Children are the most common sufferers of cerebral palsy and since it is a lifelong condition that can not be cured, we need to make the child as independent as possible with the help of cerebral palsy training. A child suffering from cerebral palsy will find difficulty in movement, as well as thinking and listening, which in turn affects their day to day activities. Children will need help in walking, eating, sitting, standing and even dressing!
Learning to dress and undress will be a major step towards independence for the children. However, whether the goal can be made realistic or not depends on the degree of the child's motor skills. If the child has enough motor skills to help him achieve the goal, then you can train him to be as independent as possible.

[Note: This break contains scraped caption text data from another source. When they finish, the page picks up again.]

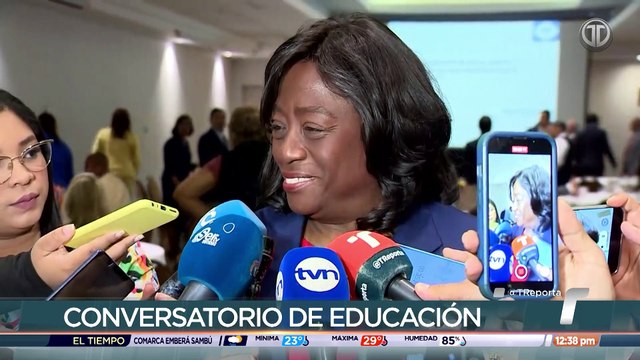 Ministra Molinar sostiene conversatorio con docentes, y rectores de universidades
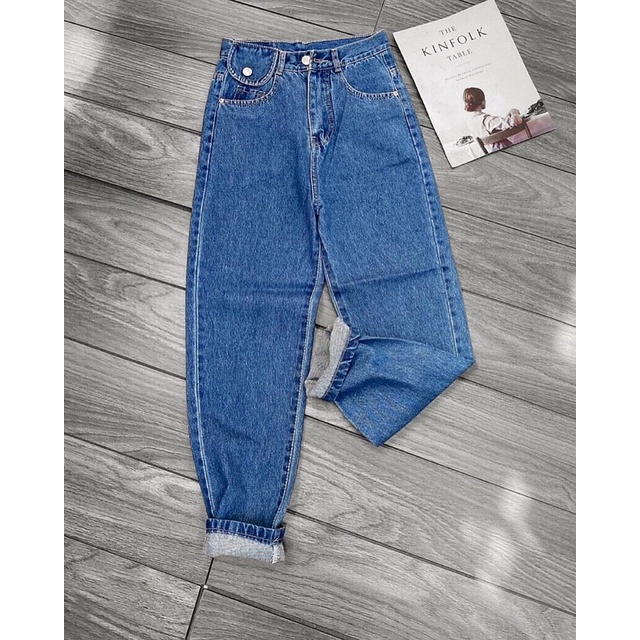 Quần jean nữ dáng baggy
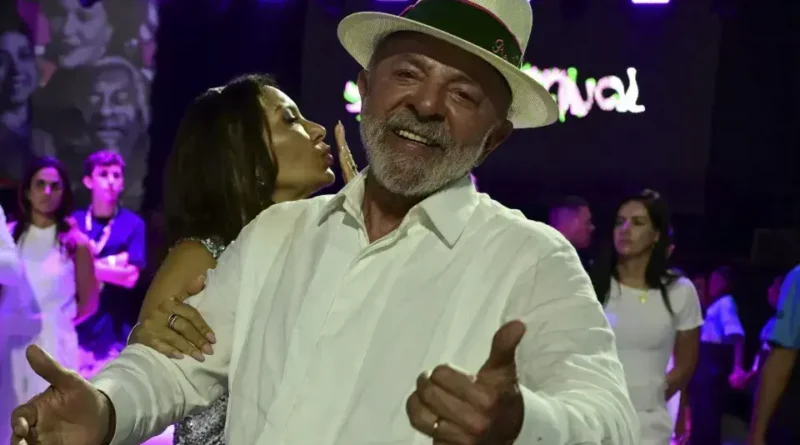 PT tenta impedir homenagem a presidenciáveis do PSDB no Carnaval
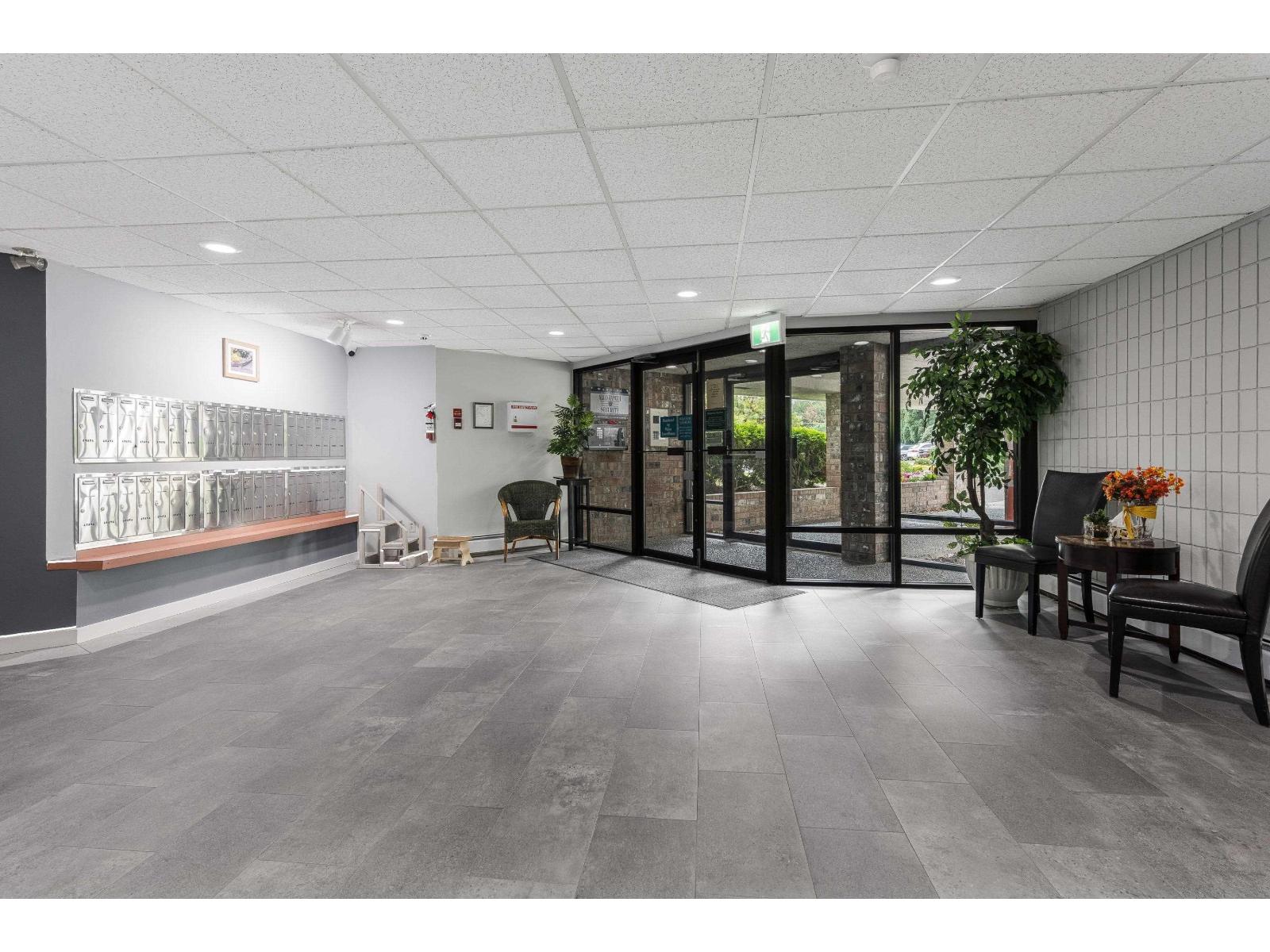 302 8725 ELM DRIVE, Chilliwack Proper South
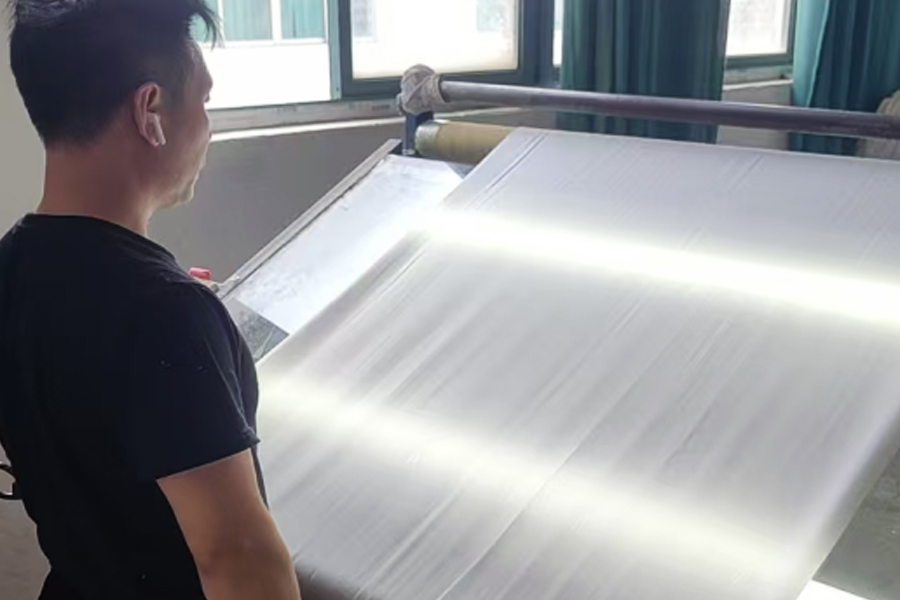 Obszar kontroli gotowego produktu w fabryce barwiącej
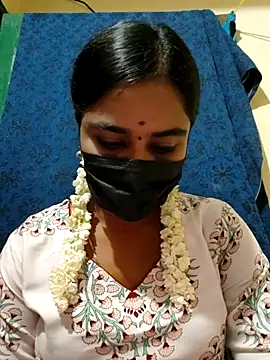 Snapshot of mini-queen chatting on October 10, 5:25 pm mini-queen online show from October 10, 5:25 pm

If the child wants to learn the skill but can not do it fully, then you can teach him to participate as much as possible in the process.
The first thing that you should concentrate on while teaching your child to dress is by positioning him properly. This is very critical, and children find it easier when they are listed on a low bench or chair. If the child does not have head and trunk control, then you can help him by making him sit on your lap before doing the action.
Generally, it is easier to teach undressing than dressing skills. Of all the tasks that lay ahead of them, children find taking off the socks easiest. So, it is best you start off with that! On the first day, you can help your child pull off the sock almost and then give him the last part of tugging it off which he is most often successful. Once your child is able to accomplish one task you can keep helping him do the other tasks as well and gradually reduce your help. In this way, you can make your child dress and undress by his self over a period of time.
If your child has the desire and the understanding but not the ability, then you can help him by making him participate in the action as much as possible. Encourage him to help you as much as he can, one such example being to have him raise his arm when you want to pull off his shirt or shift his weight when you want to remove his pants. If this is also not possible, then motivate him to at least look at the clothing that should be done next. In this way, your child will not lose hope and will feel like he can do something for you.
For an older child, the same rules apply. However, because these children will be much heavier, it will be easy for you to dress him if he is standing. This is a good therapy and will help your child to become independent in these small activities. Help your child in all ways possible in accordance with the cerebral palsy training so that they may learn what to do and what not to do.